[Data extracted from a collection]
========================

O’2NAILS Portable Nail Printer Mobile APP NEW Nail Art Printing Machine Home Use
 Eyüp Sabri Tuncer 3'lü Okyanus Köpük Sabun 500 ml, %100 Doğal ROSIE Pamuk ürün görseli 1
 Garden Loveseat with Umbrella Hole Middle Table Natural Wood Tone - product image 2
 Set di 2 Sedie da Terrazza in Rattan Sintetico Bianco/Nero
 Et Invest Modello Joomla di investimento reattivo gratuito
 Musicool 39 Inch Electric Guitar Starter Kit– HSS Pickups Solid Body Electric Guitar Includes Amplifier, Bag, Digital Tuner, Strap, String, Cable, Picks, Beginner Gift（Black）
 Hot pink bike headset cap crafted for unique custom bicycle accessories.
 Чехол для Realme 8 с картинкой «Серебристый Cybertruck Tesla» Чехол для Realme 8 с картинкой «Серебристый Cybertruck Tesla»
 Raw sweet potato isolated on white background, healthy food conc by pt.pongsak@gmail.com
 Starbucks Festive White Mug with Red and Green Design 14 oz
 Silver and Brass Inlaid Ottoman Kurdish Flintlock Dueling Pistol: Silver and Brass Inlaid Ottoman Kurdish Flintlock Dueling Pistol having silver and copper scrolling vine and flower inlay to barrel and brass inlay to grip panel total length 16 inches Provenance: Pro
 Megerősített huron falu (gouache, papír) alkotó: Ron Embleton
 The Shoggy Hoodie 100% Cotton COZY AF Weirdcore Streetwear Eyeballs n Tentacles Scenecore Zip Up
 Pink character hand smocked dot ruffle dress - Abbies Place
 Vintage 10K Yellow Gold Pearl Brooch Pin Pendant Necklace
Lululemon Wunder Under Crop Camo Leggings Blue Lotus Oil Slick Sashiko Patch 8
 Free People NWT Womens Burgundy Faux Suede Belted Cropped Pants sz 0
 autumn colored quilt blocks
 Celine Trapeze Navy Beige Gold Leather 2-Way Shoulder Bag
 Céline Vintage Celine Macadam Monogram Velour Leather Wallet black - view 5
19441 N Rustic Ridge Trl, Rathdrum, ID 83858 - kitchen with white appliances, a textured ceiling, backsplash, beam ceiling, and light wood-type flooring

========================

Copy, please, every line from the start of the entries down to the line that holds "inches Provenance: Pro", with both of those lines included and no others.

O’2NAILS Portable Nail Printer Mobile APP NEW Nail Art Printing Machine Home Use
 Eyüp Sabri Tuncer 3'lü Okyanus Köpük Sabun 500 ml, %100 Doğal ROSIE Pamuk ürün görseli 1
 Garden Loveseat with Umbrella Hole Middle Table Natural Wood Tone - product image 2
 Set di 2 Sedie da Terrazza in Rattan Sintetico Bianco/Nero
 Et Invest Modello Joomla di investimento reattivo gratuito
 Musicool 39 Inch Electric Guitar Starter Kit– HSS Pickups Solid Body Electric Guitar Includes Amplifier, Bag, Digital Tuner, Strap, String, Cable, Picks, Beginner Gift（Black）
 Hot pink bike headset cap crafted for unique custom bicycle accessories.
 Чехол для Realme 8 с картинкой «Серебристый Cybertruck Tesla» Чехол для Realme 8 с картинкой «Серебристый Cybertruck Tesla»
 Raw sweet potato isolated on white background, healthy food conc by pt.pongsak@gmail.com
 Starbucks Festive White Mug with Red and Green Design 14 oz
 Silver and Brass Inlaid Ottoman Kurdish Flintlock Dueling Pistol: Silver and Brass Inlaid Ottoman Kurdish Flintlock Dueling Pistol having silver and copper scrolling vine and flower inlay to barrel and brass inlay to grip panel total length 16 inches Provenance: Pro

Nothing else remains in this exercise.